Sense of Challenge Without Support:
Several men feel there are not equivalent resources on campus available to them, whereas there are resources specifically designed for women (e.g., women’s center, women’s leadership programs). Both genders may face the same challenges in the classroom, but males identified situations where females received more support from faculty, such as asking a professor for help with physics homework.
Applying the Theory in Higher Education - A Case Study
Davis suggests academic professionals develop programming designed specifically “to put gender on the radar screen for men”. The goal of this would be to provide a setting where men can learn about and discuss what it means to be a male in college. This would include opportunities to identify the code of communication caveats listed by Davis and find ways to resolve and work though them. Additionally, programming could be utilized to explore issues like the feminine/masculine overlap that many males struggle with on a daily basis.
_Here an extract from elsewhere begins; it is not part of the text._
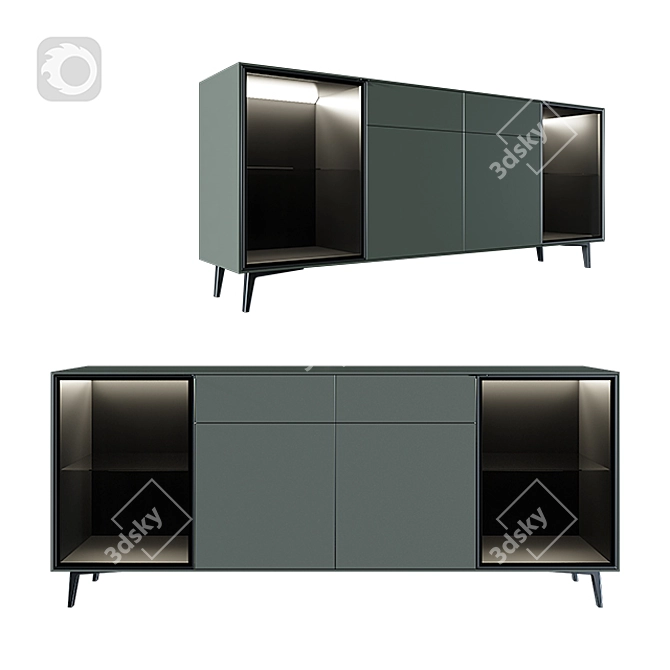 Modern Glass Door Sideboard 3D model image 1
Another application of Davis’ theory is to give men an outlet for support. Traditionally men do not have a “safety-net” in place on campus. Davis eludes to Pollack’s work stating we as student affairs professionals must be aware of all our students’ dispositions regardless of their gender. Just as other groups on campus have support systems, so too could we provide one for men.
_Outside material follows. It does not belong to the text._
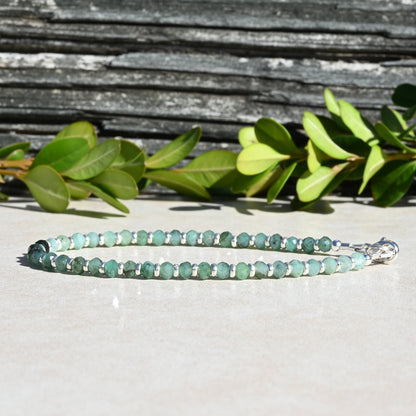 Emerald Shaded Beaded Birthstone Bracelet For May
Finally, we must re-think the communication channels and methods when working with our male students. From Davis’s work we learn that men prefer less group talk and more one-on-one communication. This understanding is key for all professionals who engage with students and must be taken seriously if we are to give men the same guidance as our other student populations. Davis also shows how men are able to express themselves better while engaging in a form of activity. Simple methods like taking a student on a brief walk outside of the office can go a long way in “providing alternative pathways of expression” that so many of our males need.
Each of these small applications will go a long way in improving the developmental circumstance of males at our institution. Men struggle through the collegiate experience due in large part to the way they feel about themselves and the way they believe others perceive them to be. As student affairs professionals we can help move men from a social constructed identity, to an identity formed through self-authorship.
Evaluation of Davis’ Social Construction Theory - Male
There are several critiques of this theory. Firstly, Davis supports this theory from data she collected from only ten white, traditional aged students from the same university. This limited sample size is very unlikely to be generalized to the diverse population of male American college students across the United States. The ten males were also referred to Davis by student affairs professionals who were asked to identify students who were reflective about gender issues or currently struggling with their own gender development. This effort to recruit through people who are able to identify participants of particular interest to the researcher creates a biased sample and should be considered when assess the validity of Davis’ theory.